29 Aralık 2016 Perşembe
27 Aralık 2016 Salı
Mavi Sandık
Dört beş yaşlarımın ormanındayım. Leblebi tozlarıyla ve
evimizin karşısındaki top sahasındaki çamur tepesinden yapılma köftelerle dolu
bir dünyam var. Annemin sarı odalara sığmayan hayal gücü sayesinde el emeğinin
önemini kavrayıvermişim. Yalnız uygulamaya geçmek için tığ değil, erkek işini
seçmişim. Tahta oymaya, elektrik teli döşemeye meraklıyım. Babamı teslim alan gece
vardiyalarından fırsat kalırsa, ona tornavida uzatmak için dahi olsa paçasına
yapışıyorum. Ek işlere gider de beni yanında götürürse; kahramanımı
görebileceğim kadar daracık o zaman. Plansız bir gebelikle gelen ve erkek
olamayan varlığım için ince kedi sesimle af diliyor ve babam beni sonsuz sevsin
istiyorum. Demir kapılarla apartman otomatlarının sesi eşleştiği her an
dilediğim oluyor, hissediyorum. Her şey tam! Bir eksik varsa da; ailece gittiğimiz
pikniklerde sığındığım ağaç kovuklarında yuvalanan periler gedikleri tıkayacak,
biliyorum.
Söz dinlemeyen Orfe'nin talihini takip ettim; yılanlar dolandı o
koruluklarda ayaklarıma. Babam bir iş kazasında, elektrik trafosu patlamasında ağır
yaralandı. Annem refakatçi olarak Cerrahpaşa’ya, hastaneye gitti. Biz ablamla
neler olduğunu günlerce bilemedik. Komşularımız Ayşe ablaların bazen de Samet
amcaların evinde kaldık. Yer altı aleminin karanlıklarından çıkana dek, ağaç
perilerinin yüzüne bakmamam gerekirdi. Sözümü tutamadığım için terk edilmiştim
işte. Bu, nefrit rahatsızlığımdan ötürü ana babamdan ayrı düşüşümden sonra;
gecenin ikinci kez beni sarmaladığına işaretti. Uyku ve gece... Işığa tahammül
edemiyor, sürekli kendimi tuvaletlere kilitliyordum. Bize bakan komşular da ne
yapacaklarını bilemez haldeydiler. Zavallılar belki kendi evimin havasını
koklarsam ferahlarım diye, beni iki arada bir derede dolaştırıyorlardı.
Evimizde Deliorman’dan
gelen mavi çiçekli bir sandık vardı. İçeri girer girmez bu ata yadigarının
önüne gider, kapağını güç bela kaldırıp;
“Domuuuuuzlar kaçııııın”
diye bağırırdım.
Neden bilmem domuzlara seslendikçe rahatlardım. Sonra
içim geçene dek ağlardım. Beni sandığın başından alıp nasıl eve taşıyorlardı
acaba? Muhtemelen ablacığım sonraki yıllar da her dara düştüğümde yaptığı gibi,
başımı omzuna dayayıp bir ninni söylüyordu. İşte o zaman derin esir mağaralarından
çıkıp göğe yükseliyordum.
Babam ve annem
hastaneden döndüler. Bir süre babamın yattığı odaya girmemiz yasaklandı. O
günleri hep kapı aralıklarından, apartman boşluklarından dinlediğim
fısıltılarla anımsıyorum. Parmağının ucuyla şehri ışıklara boğan babamın bazı
vücut kısımlarından alınan deri parçaları kollarına ve göğsüne nakil edilmişti.

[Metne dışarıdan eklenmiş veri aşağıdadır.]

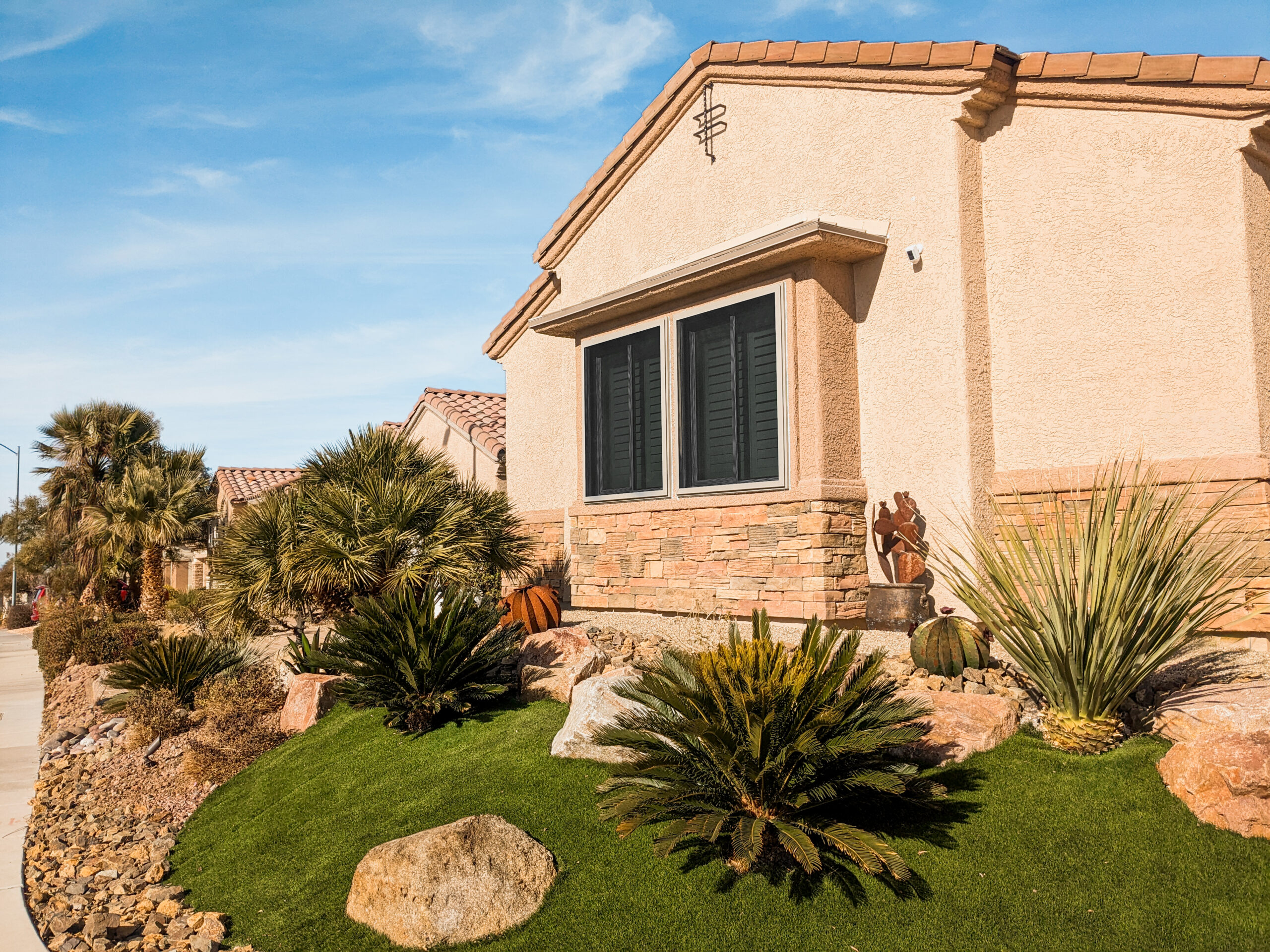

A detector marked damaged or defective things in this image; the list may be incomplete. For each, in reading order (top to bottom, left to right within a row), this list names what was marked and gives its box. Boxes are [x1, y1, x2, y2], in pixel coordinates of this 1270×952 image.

rusty metal sculpture [869, 494, 929, 583]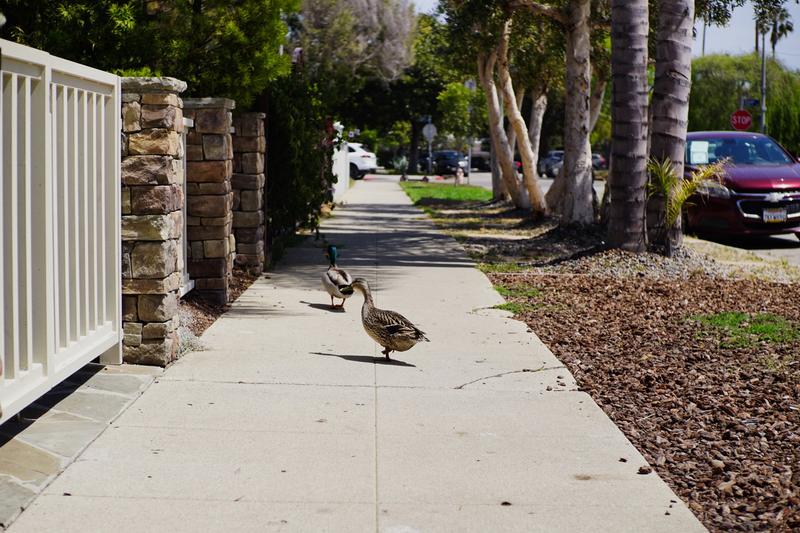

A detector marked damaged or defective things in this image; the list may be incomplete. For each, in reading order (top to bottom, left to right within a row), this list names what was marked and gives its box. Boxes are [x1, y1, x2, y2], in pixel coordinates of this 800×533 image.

Mumya gibi yattı yatağında. Ben ıhlamur ağacı yapraklarından muska yapıp o
sandığa yerleştirdim. Babamın acısı sandığa hapsolsun diye... Mavi sandık beni
dinlemedi. Sonraki yıllar ailedeki beş kişinin de vücuduna birer yanık izi
taşıdı. Feleğin işine bakın, ben yüzümü kaynar suyla yaktım ve oluşan lekeler
domuz yağından yapılan bir solüsyon sayesinde geçti. Domuzlar kaçmadı.
Hayatımız zorlaştı. Biz oturduğumuz evimizden ayrıldık. Kuş adlarıyla bezeli
Kanarya mahallesine taşındık. Ne öğrendiysem kökleri orada geçen yedi yıllık
çocukluğumda gömülüdür.
Kalabalık aile sofralarında
kimileyin dillendirip güleriz, yanık aile. Hiç büyümemiş... Bu bizim hayatla
yaptığımız bir anlaşma gibidir. Birinin canı acıyınca diğerinin gidip aynı hissi
yaşamak istemesi. Mavi sandık ve yanık deriler anlaşması...
*****
Bugün o mavi
sandık ablamın evindedir. Küçük yeğenim onunla dilek oyunu oynamayı sever.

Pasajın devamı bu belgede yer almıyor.